Критика со стороны левых коммунистов, которые осуждали «мелкобуржуазную» деградацию революции и в особенности предостерегали против опасности, которую таила в себе большая масса крестьянства, не распространялась на фундаментальный вопрос об ответственности новой власти перед рабочим классом – номинальным субъектом революции. Тем не менее критика ленинской модели государственного капитализма точно попала в цель; Осинский призывал к строительству пролетарского социализма на основе классового творческого потенциала самих рабочих, а не приказов, полученных от промышленных магнатов[372].

В то же время левым коммунистам было не очень интересно самовыражение рабочего класса, что нашло свое отражение в их оппозиции движению за «собрания уполномоченных», возникшему весной 1918 г. Это спонтанное движение рабочих крупнейших заводов Петрограда набрало популярность и в Москве. Его целью было создать «широкую организацию рабочего класса, которая сможет вывести массы из тупика, в который загнала их политика новых властей»[373]. Слова «совет» тщательно избегали как уже скомпрометированного. К концу июня советская власть подавила движение. Вскоре после этого Россия была вовлечена в полномасштабный внутренний конфликт.

Годы гражданской войны сопровождались появлением ряда различных оппозиционных течений внутри партии большевиков, которую в 1918-м переименовали в Российскую коммунистическую партию (большевиков) – РКП(б). В основу нового государственного устройства были положены четыре ключевых момента: роль Советов, развитие бюрократии, проблема внутрипартийной демократии и отношения с рабочими. Советы стали фундаментом нового государственного устройства и в декабре 1922 г. дали имя новому государству – Союзу Советских Социалистических Республик. Тем не менее ленинское руководство относилось к Советам с подозрением, так как в них входили небольшевики и крестьяне. Советская демократия быстро превратилась в управляемую, однако остался вопрос, как руководящая роль партии может быть совмещена со значительной политической ролью Советов. Именно этот вопрос с конца 1918 г. поднимали «демократические централисты». Они базировались преимущественно в Москве, хотя их аргументы нашли поддержку и за ее пределами.
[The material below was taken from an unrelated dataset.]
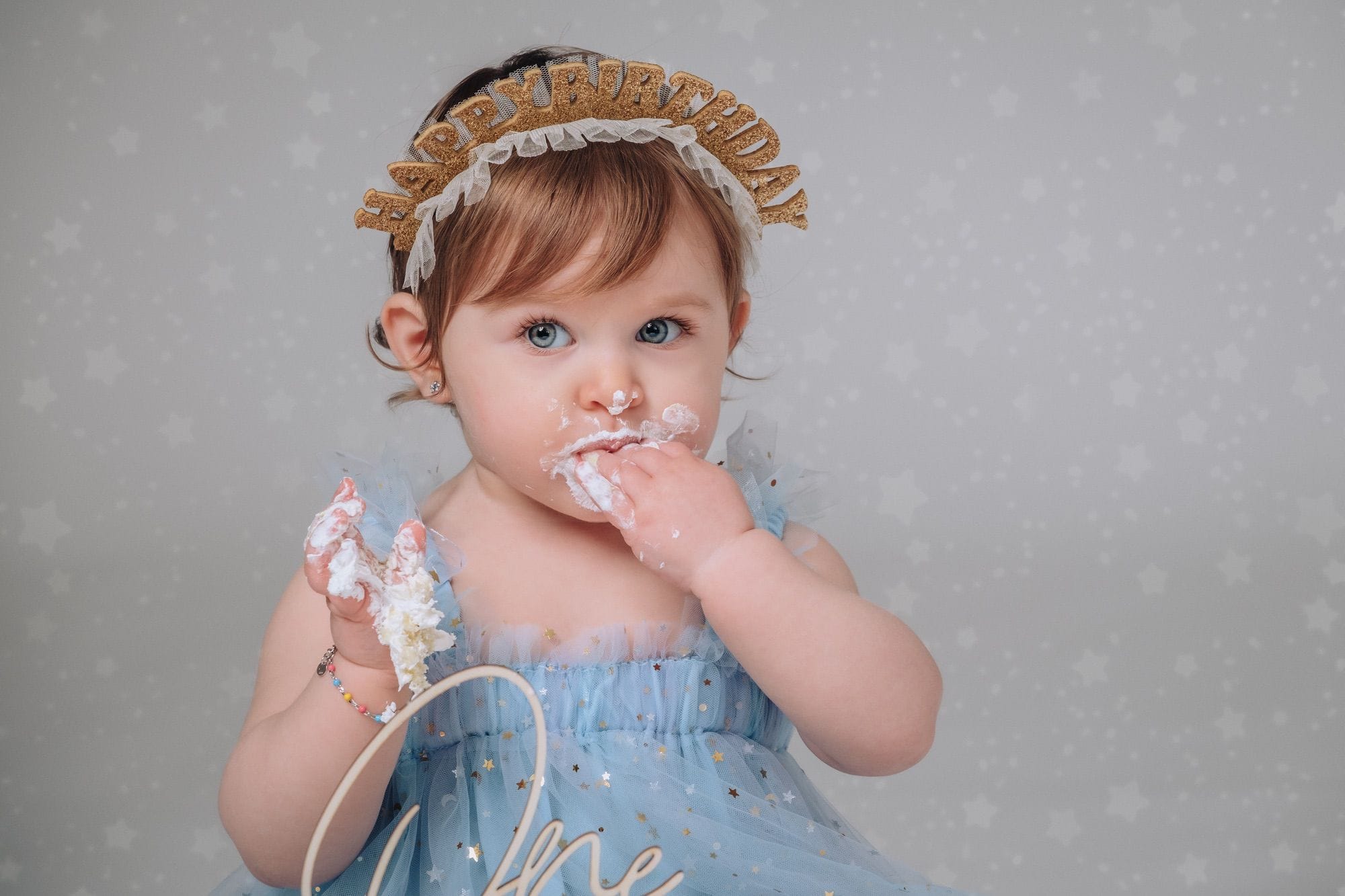 Foto ricordo d’infanzia di una bimba Foto ricordo d'infanzia di una bimba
Многие из бывших левых коммунистов теперь присоединились к критике, как они выражались, бюрократической дегенерации революции. Они выступали против управления одним человеком и использования буржуазных специалистов (презираемых «спецов» – старой технической интеллигенции), а также требовали положить конец бюрократическим методам в советском строительстве[374]. «Демократические централисты» считали, что отношения нужно основывать на разделении труда: партия обеспечивает идеологическое руководство, однако Советы должны быть интегрированы во власть как институты, представляющие рабочий класс. Первая советская Конституция от 10 июля 1918 г. пространно описывала провозглашаемые принципы, но мало внимания уделяла институциональному порядку самой организации власти. Хотя Совнарком обязан был уведомлять ВЦИК о своих решениях (статья 39), а последний имел право «отозвать или приостановить выполнение» решений (статья 40), Совнаркому были предоставлены разнообразные чрезвычайные полномочия. В конечном итоге он отобрал у ВЦИКа полномочия контроля. То же самое произошло на всех уровнях[375].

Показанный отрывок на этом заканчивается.